Nile Red staining and fluorescence microscopy

Cells were stained with 20 μg/ml of Nile Red (Sigma). Fluorescence imaging was performed on a Leica DMLB microscope (Wetzlar) with a Curtis ebq 100 fluorescent lamp. A UV-filter set (436/7 nm bandpass excitation filter, 455 nm dichromatic mirror, 470 nm long-pass emission filter) was used to observe Nile Red fluorescence. The number of intracellular LDs was directly counted under the microscope; 100 cells were counted to calculate the average number of intracellular LDs, which was presented as mean±S.D.

Quantification of cellular neutral lipids

Lipid extraction was performed as described by Zhang et al. [8] and the quantification of neutral lipids was performed as described by Zweytick et al. [19] with modifications. Briefly, cells were grown in YPD until they reached the required growth phase as determined by D600, harvested, washed twice with 0.5% Nonidet P-40, once with distilled H2O, and freeze-dried. The dried cell pellets were resuspended in lyticase (Sigma) solution (1700 units/ml in 10% glycerol) and incubated at 37°C for 15 min, at −70°C for 1 h and at 37°C for 15 min. Lipids were extracted with hexane, blown dry and dissolved in chloroform/methanol (2:1, v/v). Samples were applied to Silica gel 60 F254 plates (Merck) and chromatograms were developed in hexane/diethyl ether/acetic acid (85:15:1, by vol.) with triolein and cholesteryl oleate (Matreya) as the standards. For quantification of SEs and TAGs, plates were dipped into methanolic MnCl2 solution (0.63 g MnCl2·4H2O, 60 ml water, 60 ml methanol and 4 ml concentrated sulfuric acid), dried and heated at 120°C for 15 min. Densitometric scanning was performed at 500 nm with a CAMAG TLC scanner.
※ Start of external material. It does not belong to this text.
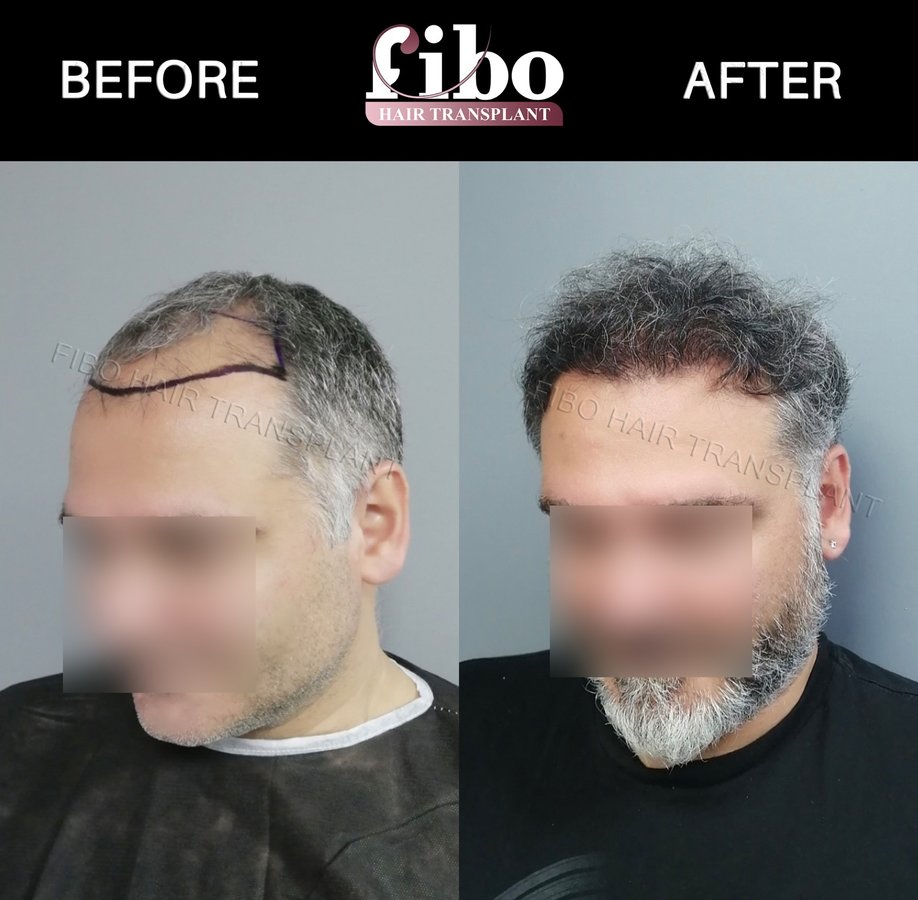 Fibo Health - Fibo Health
Preparations of antibodies and protein immunoblotting

Antibodies against Are1p and Lro1p were raised by immunizing rabbits with GST-fused Are1p-12–190 and Lro1p-440–661 corresponding to the 179 near-N-terminal amino acids of Are1p and the 222 C-terminal amino acids of Lro1p respectively. Anti-Vti1p, used as a loading control, was a gift from Dr Wanjin Hong (Institute of Molecular and Cell Biology, Singapore).
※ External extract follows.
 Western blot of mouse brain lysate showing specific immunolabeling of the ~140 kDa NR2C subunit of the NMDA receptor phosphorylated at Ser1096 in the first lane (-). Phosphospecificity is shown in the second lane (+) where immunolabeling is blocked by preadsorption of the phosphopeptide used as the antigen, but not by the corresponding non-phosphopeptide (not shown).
For protein immunoblotting, the Bradford protein assay was used to determine the protein concentration of the samples [20]. BSA was used as the protein standard. SDS/PAGE was performed according to the method of Laemmli [21] using 8% or 10% acrylamide gel. The proteins were visualized after electrophoresis by staining with Coomassie Blue [22]. For immunoblotting, the proteins were transferred from the acrylamide gel to a nitrocellulose membrane as previously described [23]. The membranes were blocked with 5% non-fat milk before probing with the primary and secondary antibodies. Detection of membrane-bound antibodies was performed using the enhanced chemiluminescence detection system (Pierce).

RNA isolation and RT–PCR (reverse transcription–PCR)

Total RNA was extracted using the RNeazy kit (QIAGEN). On-column DNase digestion (QIAGEN) was performed on all RNA samples. RNA concentrations were determined by measuring the absorbance of the samples at 260 nm and 280 nm. RNA purity and integrity was assessed by gel electrophoresis. RT–PCR was performed using an Access RT–PCR kit (Promega). Total RNA (1 μg for each sample) was used in a 50 μl system. Both ribosomal RNA and ACT1 which encodes yeast actin were used as loading controls. Primers are shown in Supplementary Table S1 (at http://www.BiochemJ.org/bj/424/bj4240061add.htm). PCRs were performed for 25 cycles. The final products (10 μl) were loaded on a 1% agarose gel and separated via electrophoresis. The intensity of the bands under UV light was compared. The 25-cycle PCR was still in the exponential phase, as the intensity of the PCR products was significantly stronger after a 30-cycle amplification compared with a 25-cycle amplification in all the samples.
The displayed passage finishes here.